Utthita Eka Pada Kapotasana

Definition - What does Utthita Eka Pada Kapotasana mean?

Utthita eka pada kapotasana is an intermediate hip opener that improves flexibility and prepares the body for more challenging asanas in the kapotasana and rajakapotasana series. The name comes from the Sanskrit, utthita, meaning “extended”; eka, meaning “one”; pada, meaning “foot” or “leg”; kapota, meaning “pigeon”; and asana, meaning “pose” or “posture.”

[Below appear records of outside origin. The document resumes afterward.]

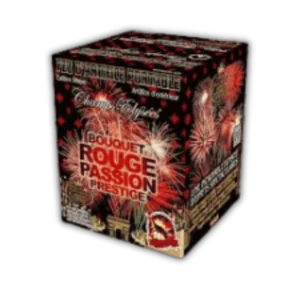 SR Pyro Rouge Prestige 25 Schuss Batterie mit intensiven rot-weißen Blinkeffekten und 30 mm Kaliber.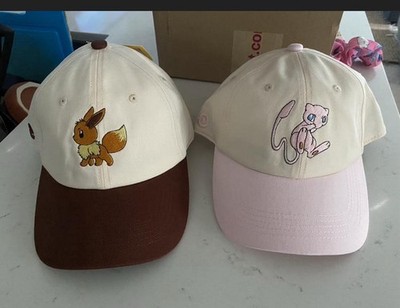 2026 Pokémon x Target EEVEE Brown and MEW Pink Trainer Cap Hat Set Bundle Lot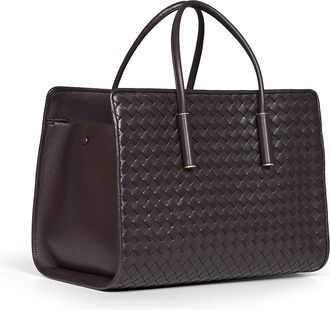 Bottega Veneta Womens Tote Bag Barbara Brown Lambskin Handbags Hand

This asana is a half split with one leg stretched back so the top of the foot presses into the mat and the other leg is bent in front with the calf resting on the ground. The torso folds over the front leg, and head and outstretched arms rest on the mat.

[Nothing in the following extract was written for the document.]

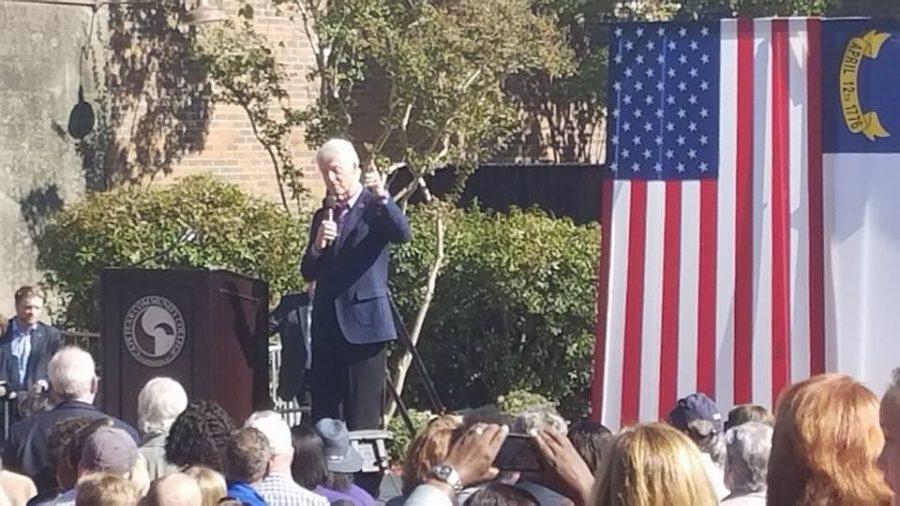 Bill Clinton, 42nd President of the United States, addresses a large crowd during his stop at Cape Fear Community College Wednesday.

Utthita eka pada kapotasana may also be referred to in English as extended one-legged pigeon pose. It is considered a variation of the more advanced utthita eka pada rajakapotasana (extended one-legged king pigeon pose).

Yogapedia explains Utthita Eka Pada Kapotasana

Traditionally, utthita eka pada kapotasana is believed to open the svadisthana (spleen/sacral) chakra, which is associated with intimacy, enjoyment and creation. A healthy svadisthana chakra ensures self-acceptance and comfort in relationships.

Utthita eka pada kapotasana prepares the yogi physically and mentally for seated asanas such as padmasana (lotus), baddha konasana (bound angle) and agnistambhasana (fire log). It also prepares the body for backbending poses like dhanurasana (bow), ustrasana (camel) and bhujangasana (cobra), in addition to the rajakapotasana (king pigeon) series of asanas.

Besides its physical benefits, utthita eka pada kapotasana draws the focus inward, both stilling and opening the mind.